The Cowboys had already played seven games — full-court and full-tilt, run-and-gun sessions offered by strength coach Jake Manzelmann as a fun conditioning alternative — and the sweat and dragging legs were a clear indicator of the hard work put in on this random summer afternoon. Several teammates had taken a seat and considered a good day's work done.
Yet there was Smart, acting all Kurt Russell as Herb Brooks in the movie “Miracle,” when the U.S. hockey coach made his guys skate endless sprints following a lackluster loss, blowing his whistle and barking, “Again.”
Smart isn't the coach, he's Oklahoma State's star sophomore. Still, he's every bit this team's leader and driving force, by word and by example.
He's a worker. And, above all, he competes.
In games. In practice. In the summer. Anywhere and everywhere — Smart competes.
“He's probably the best competitor we've played against since I've been coaching at Kansas,” said Jayhawks coach Bill Self. “He's a terrific competitor and he's a great kid.
“He can do a lot of different things. But the biggest thing he does is he wills his team to win. He's a great player, but that is his biggest quality, in my eyes.”
Smart willed the Cowboys into a winner as a freshman, transforming the culture of the club with his unbridled work ethic and a toughness he exemplifies by leading the team in dives on the floor for loose balls. He doesn't play the modern superstar card, preferring getting dirty over playing diva.
He's here for one reason: to win.
Not to score or dunk or launch lovely 3-point shots with an arm extended to accentuate his pose, although he can score and more, like rebound and assist and defend like a maniac.
“We've got a great leader, a guy that we can count on every single day, doing it the same way,” said Cowboys coach Travis Ford. “And yes, he's a good basketball player and all that, but his leadership is tremendous. It's a joy to coach a guy like that every single day.”
And with Smart, it is every day.
“We have numerous NBA scouts at every practice; numerous,” Ford said. “From two to 15. And some of them when they come in, especially lately, have never seen him play live. Which is not uncommon. Some of them are new scouts.
“I tell them, ‘Well, you're about to see the hardest-working guy you've ever seen. And he's going to be the loudest guy in here. And it's going to be from the beginning of practice to the end of practice.'
“They're all like, ‘How do you know that?' As long as I've ever known him, it's never been any different. Ever. I don't care if it's the second practice of the day, the day before a game, the day after a game, it's never wavered.”
Smart, by all accounts, was a lock to go No. 2 in last year's NBA Draft. But he passed that up, along with all that goes with it, to return to the Cowboys … to win.
OSU won behind Smart a year ago, finishing 24-9, one game out of first place in the Big 12 standings and advancing to the NCAA Tournament following a two-year absence. But the Cowboys lost in their NCAA opener to Oregon, leaving Smart feeling unfulfilled.

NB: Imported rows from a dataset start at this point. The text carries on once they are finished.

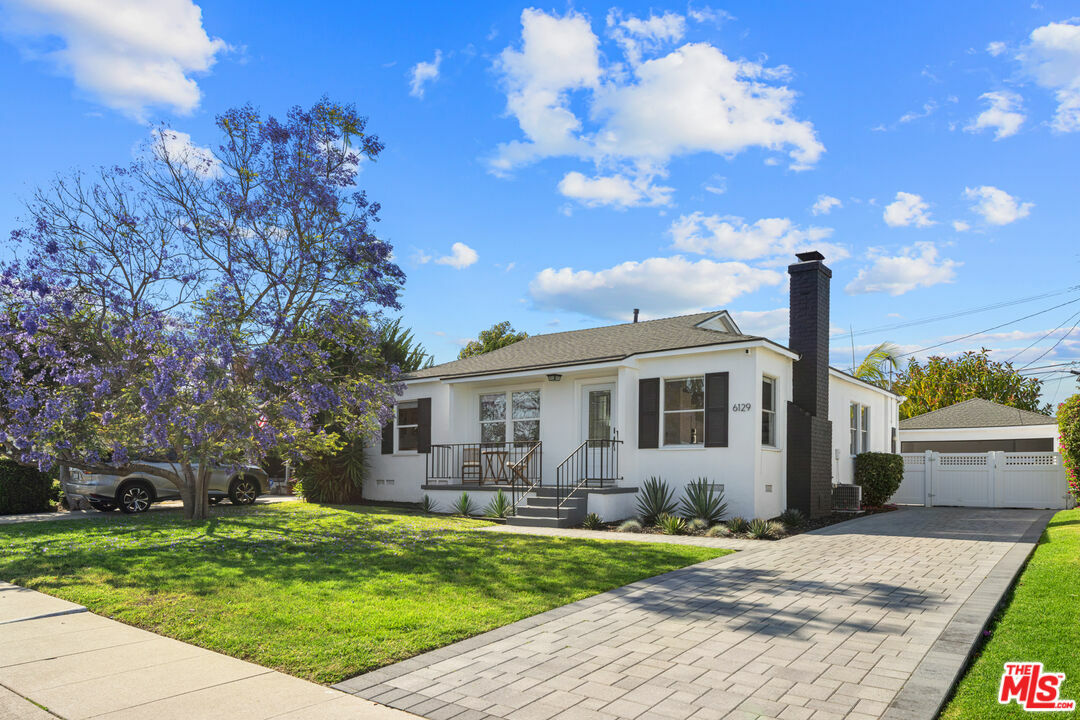 Property Photo: 6129 W 76th St CA 90045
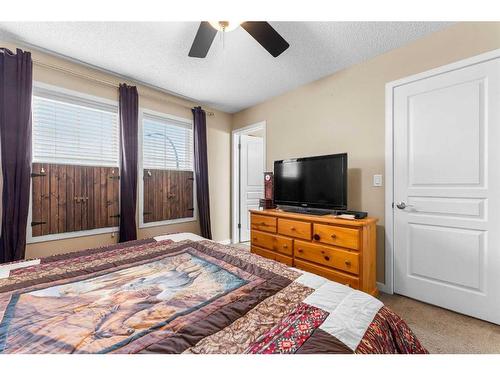 1118 New Brighton Park Se, Calgary, AB - Indoor Photo Showing Bedroom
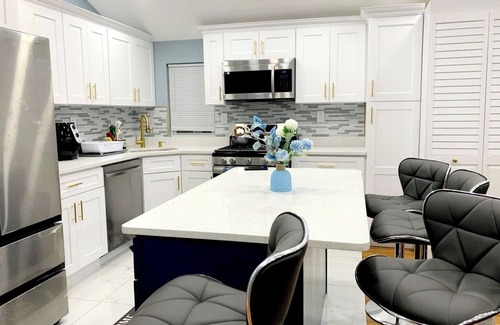 Rochdale Apartment | Cozy & Serene 3-bedroom Apartment with AC, WiFi,TV'S Near JFK Airport- Queens NY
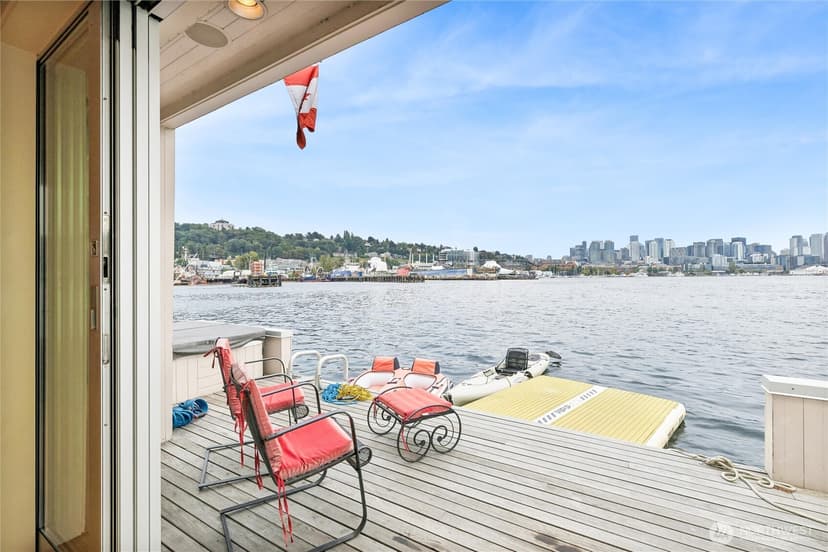 Property photo for 2017 Fairview Avenue E #I, Seattle photo 9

Would he still be wearing orange and black had the Cowboys made a run last March?
“Probably not,” Smart said. “Probably not.”

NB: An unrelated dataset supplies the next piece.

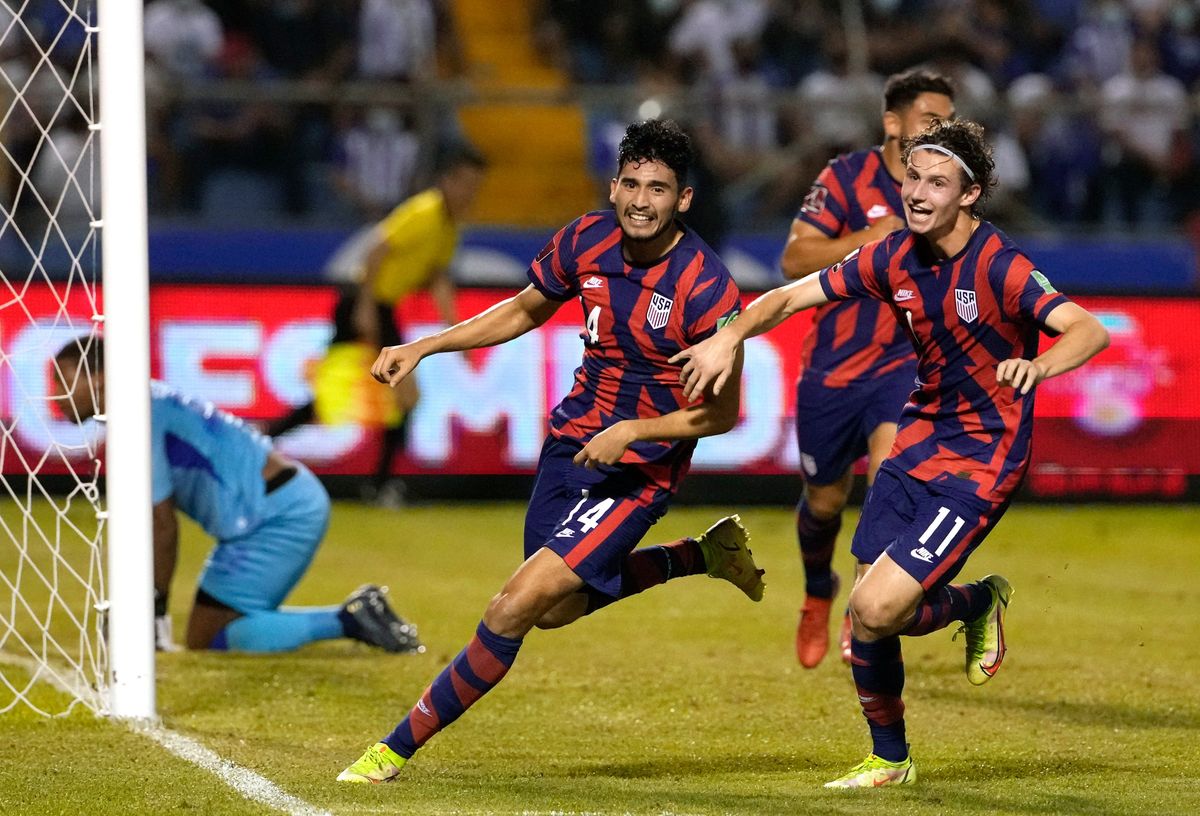 Ricardo Pepi (c.) celebrates a goal over Honduras.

That's the blessing of last year's early NCAA exit. Smart is back, along with Markel Brown and Le'Bryan Nash and a roster that is both deep and talented.
And he's ready to win — bigger.
“After the Oregon loss, I hold myself accountable and I hold my teammates accountable,” Smart said. “I didn't think I played, that we as a group, as a team, to the best of our ability. We all knew it. We could see it in each other's faces.

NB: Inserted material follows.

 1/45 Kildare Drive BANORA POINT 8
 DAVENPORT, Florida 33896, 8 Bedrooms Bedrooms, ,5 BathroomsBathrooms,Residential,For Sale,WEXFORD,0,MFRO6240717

“It just leaves a bad tasted in my mouth every time it's mentioned.”
So the Cowboys are out to edit their ending.
Already, the storyline has changed. Under the radar last season, they're ranked No. 8 now as the preseason co-favorite with Kansas in the Big 12.
Smart presses his teammates to win, too.
So if they get a little tired and grumpy, he's there to remind them.
“That's great for this team,” Brown said. “On days when you don't want to play, and Marcus is out there busting his butt, you can't look at him and not do anything about it.
“Marcus pushes this team to play harder and to stay on his level of competitiveness. That's great for this team and where we need to go.”